## YOUR ASSIGNMENT
An exact copy of the data is required, with no pictures in it.

(RECORDS TO PROCESS)

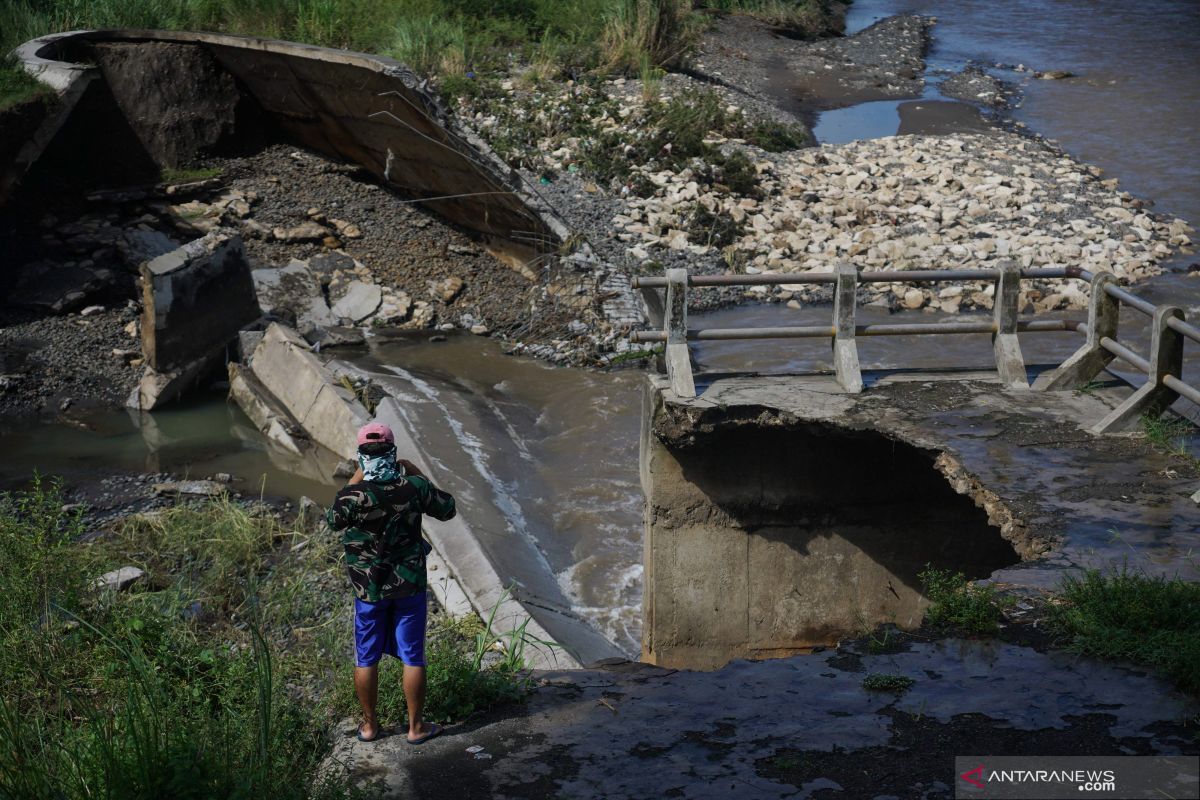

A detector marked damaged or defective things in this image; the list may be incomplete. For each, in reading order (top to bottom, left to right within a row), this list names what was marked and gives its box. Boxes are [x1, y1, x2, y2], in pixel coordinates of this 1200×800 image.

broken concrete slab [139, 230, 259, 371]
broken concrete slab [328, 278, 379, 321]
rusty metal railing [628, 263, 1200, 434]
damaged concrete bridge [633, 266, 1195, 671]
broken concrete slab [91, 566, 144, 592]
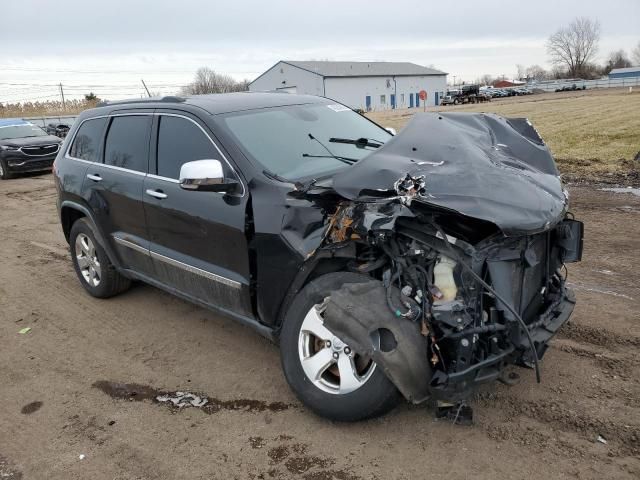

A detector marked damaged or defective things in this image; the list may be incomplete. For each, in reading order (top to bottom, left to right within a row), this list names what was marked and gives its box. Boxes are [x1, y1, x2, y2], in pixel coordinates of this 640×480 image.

(End RECORDS TO PROCESS)

## TASK RESULT
A detector marked damaged or defective things in this image; the list may be incomplete. For each, in reading order (top to bottom, left to right within a row), this list names what was marked and gives its box. Boxes are [x1, y1, x2, y2], in pixel coordinates of this 1200×800 image.

broken concrete slab [139, 230, 259, 371]
broken concrete slab [328, 278, 379, 321]
rusty metal railing [628, 263, 1200, 434]
damaged concrete bridge [633, 266, 1195, 671]
broken concrete slab [91, 566, 144, 592]

A detector marked damaged or defective things in this image; the list may be incomplete. For each, in reading order (top to bottom, left to right within a row), this list names what was marked and gives its box. Boxes are [x1, y1, x2, y2], in pixel coordinates of this 640×480 image.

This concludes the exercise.